**SUPPLIED INFORMATION:**
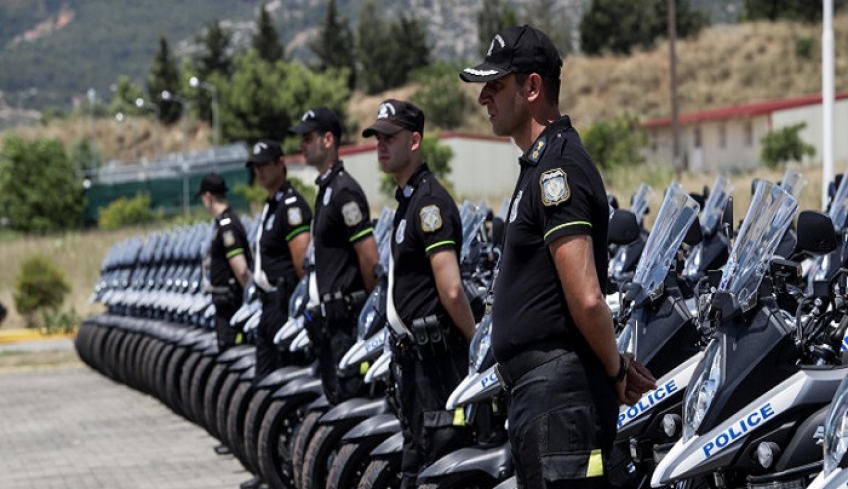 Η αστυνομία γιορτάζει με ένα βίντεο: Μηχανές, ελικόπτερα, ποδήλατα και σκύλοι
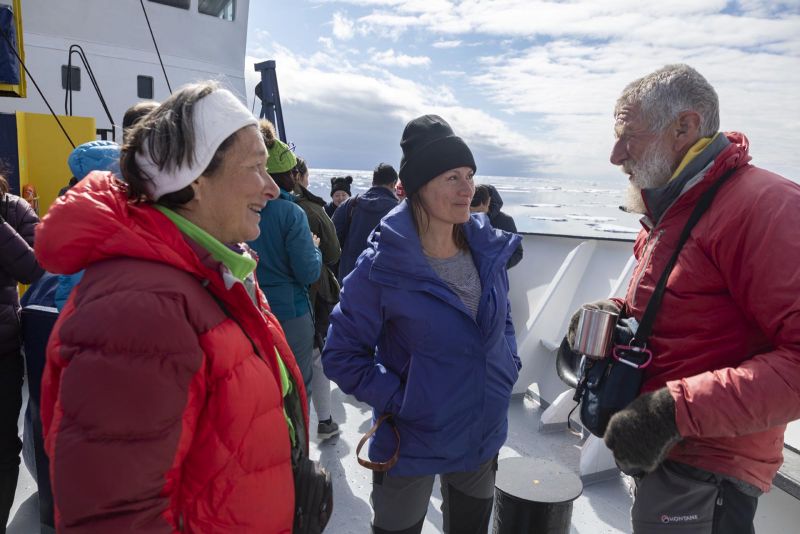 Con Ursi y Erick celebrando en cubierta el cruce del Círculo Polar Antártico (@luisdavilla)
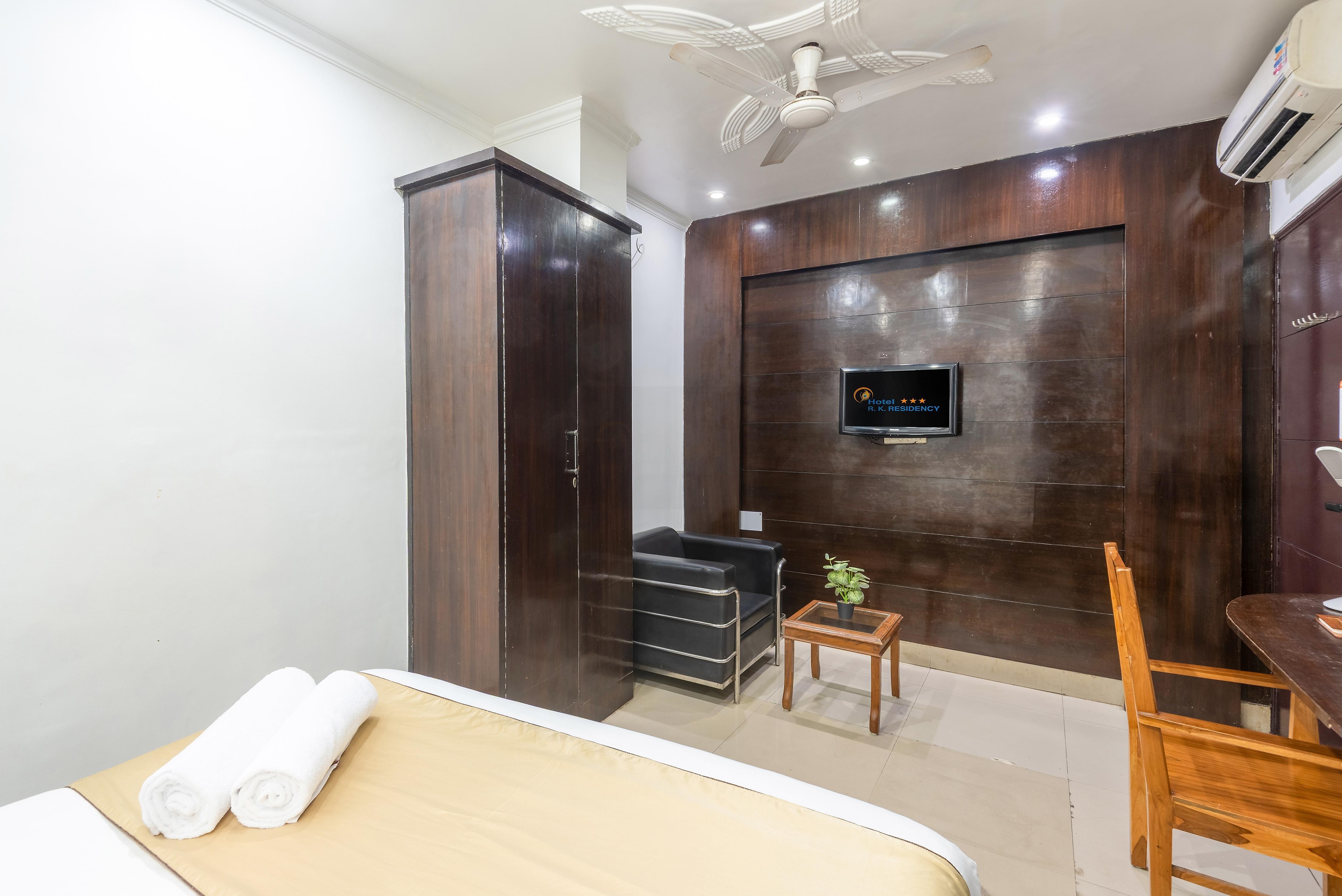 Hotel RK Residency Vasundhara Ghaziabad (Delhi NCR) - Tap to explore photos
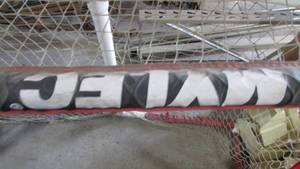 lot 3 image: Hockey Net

**WORK INSTRUCTIONS:**
Your task is to quote exactly the lines from the one with "Con Ursi y Erick" through the end of the material, both included, without reproducing any pictures.

**SOLUTION TO THIS EXERCISE:**
 Con Ursi y Erick celebrando en cubierta el cruce del Círculo Polar Antártico (@luisdavilla)
 Hotel RK Residency Vasundhara Ghaziabad (Delhi NCR) - Tap to explore photos
 lot 3 image: Hockey Net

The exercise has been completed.